** EXERCISE DATA follows **
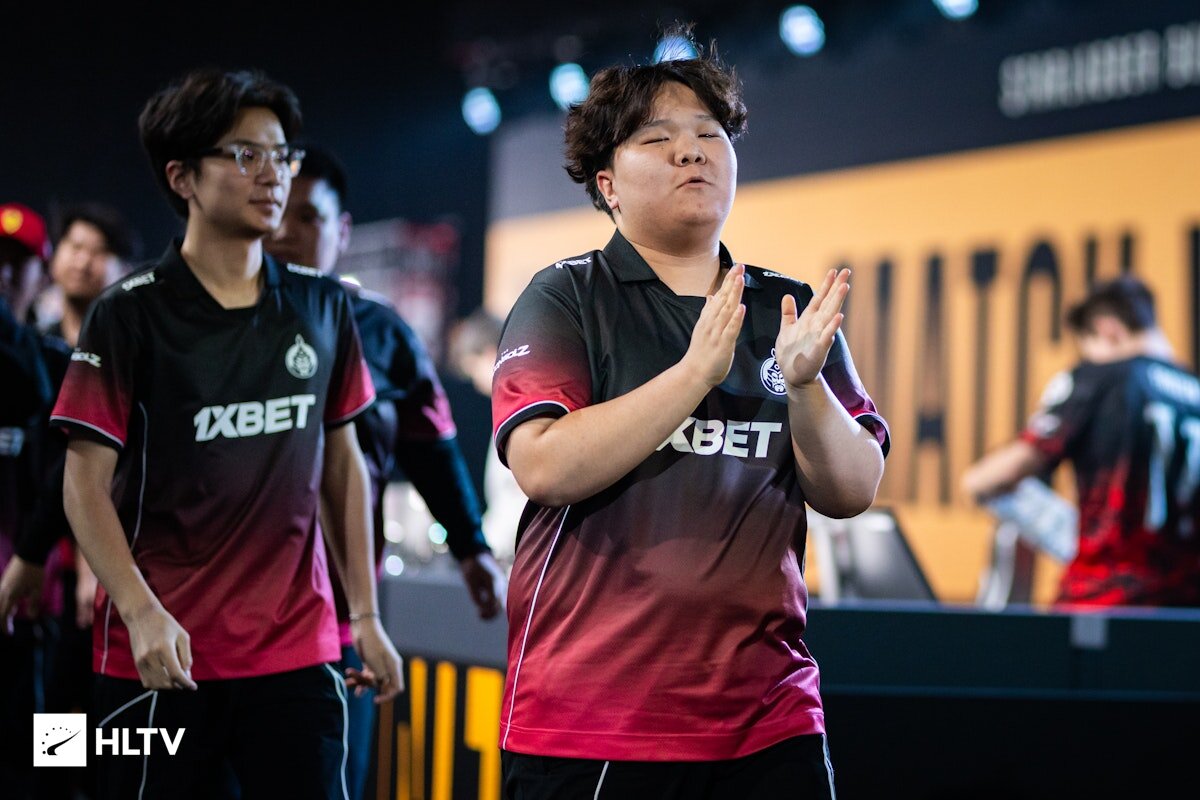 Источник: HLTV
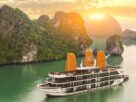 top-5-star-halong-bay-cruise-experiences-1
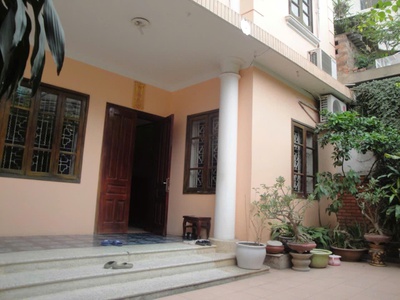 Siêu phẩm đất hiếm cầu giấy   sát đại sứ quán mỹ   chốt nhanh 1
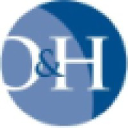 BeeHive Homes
** End of EXERCISE DATA **
AIM OF THE TASK:
Transcribe the listing above verbatim. No picture belongs in the result.

SOLUTION TO THIS EXERCISE:
 Источник: HLTV
 top-5-star-halong-bay-cruise-experiences-1
 Siêu phẩm đất hiếm cầu giấy   sát đại sứ quán mỹ   chốt nhanh 1
 BeeHive Homes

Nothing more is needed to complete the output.